Aim of the task
Only the pictures are to be left out, and the rest of the entries should be reproduced exactly.

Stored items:
++++++++++++++++++++

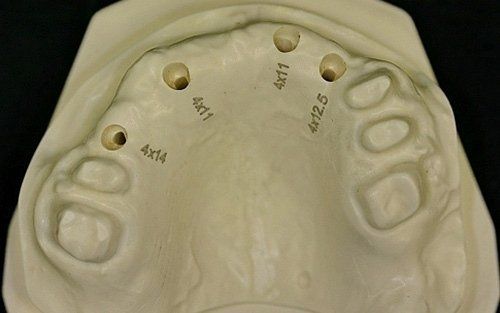 Calco dentale del palato superiore con quattro piccoli fori e impronte dentali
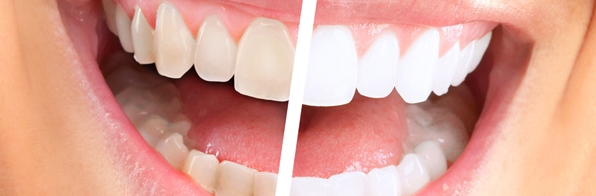 Odontologia - Como conservar o efeito do clareamento dental?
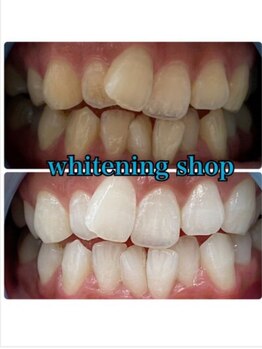 ホワイトニングショップ 京都駅前店/40分×10回Before/After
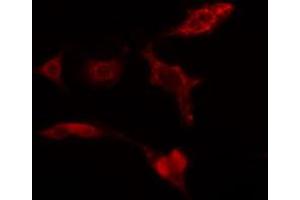 ABIN6274274 staining HuvEc cells by IF/ICC. (GALK1 Antikörper  (C-Term))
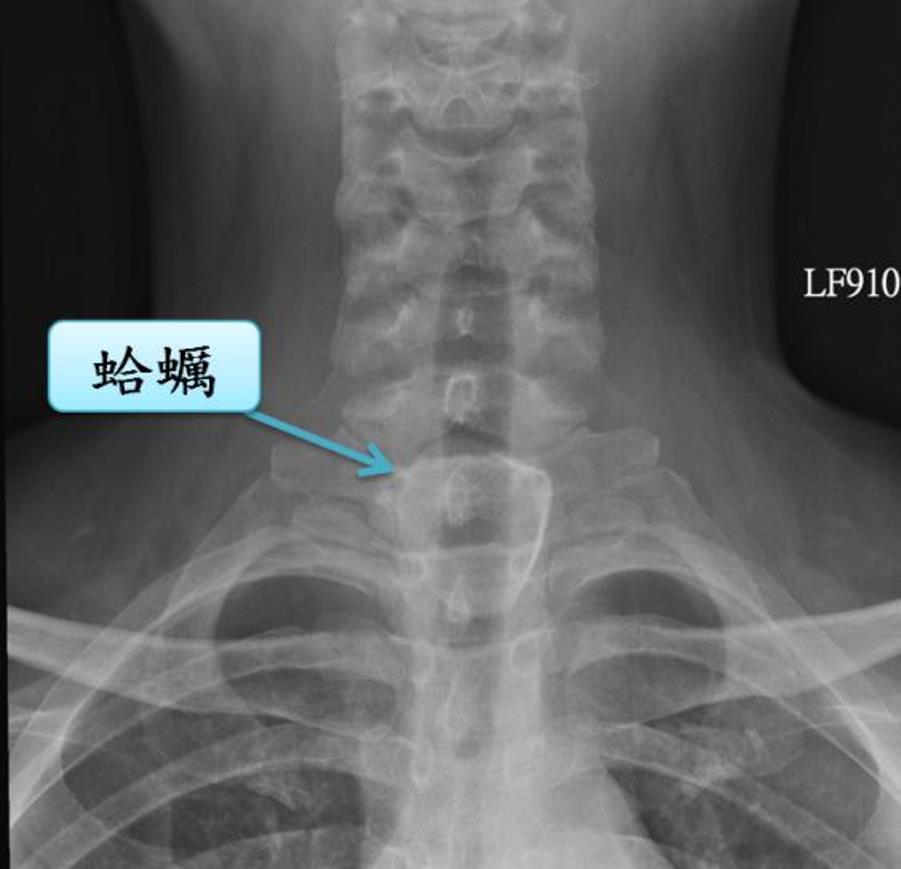 ▲男子遭蛤蜊卡住食道。（圖／安南醫院提供）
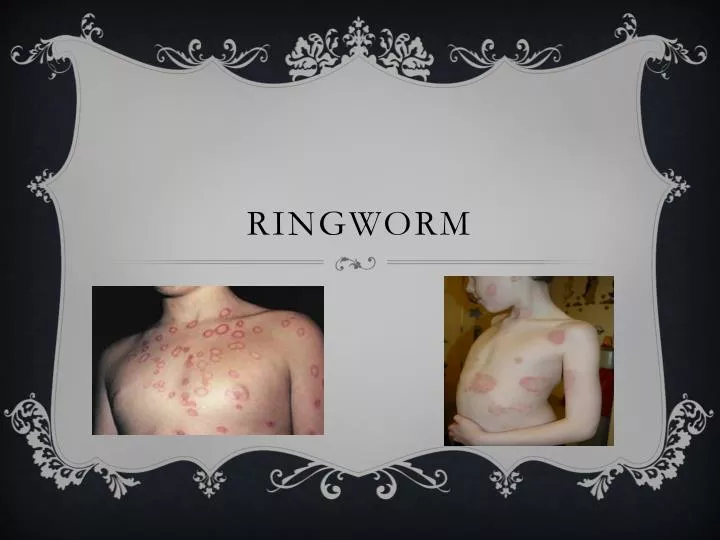 ringworm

++++++++++++++++++++

Written solution
 Calco dentale del palato superiore con quattro piccoli fori e impronte dentali
 Odontologia - Como conservar o efeito do clareamento dental?
 ホワイトニングショップ 京都駅前店/40分×10回Before/After
 ABIN6274274 staining HuvEc cells by IF/ICC. (GALK1 Antikörper  (C-Term))
 ▲男子遭蛤蜊卡住食道。（圖／安南醫院提供）
 ringworm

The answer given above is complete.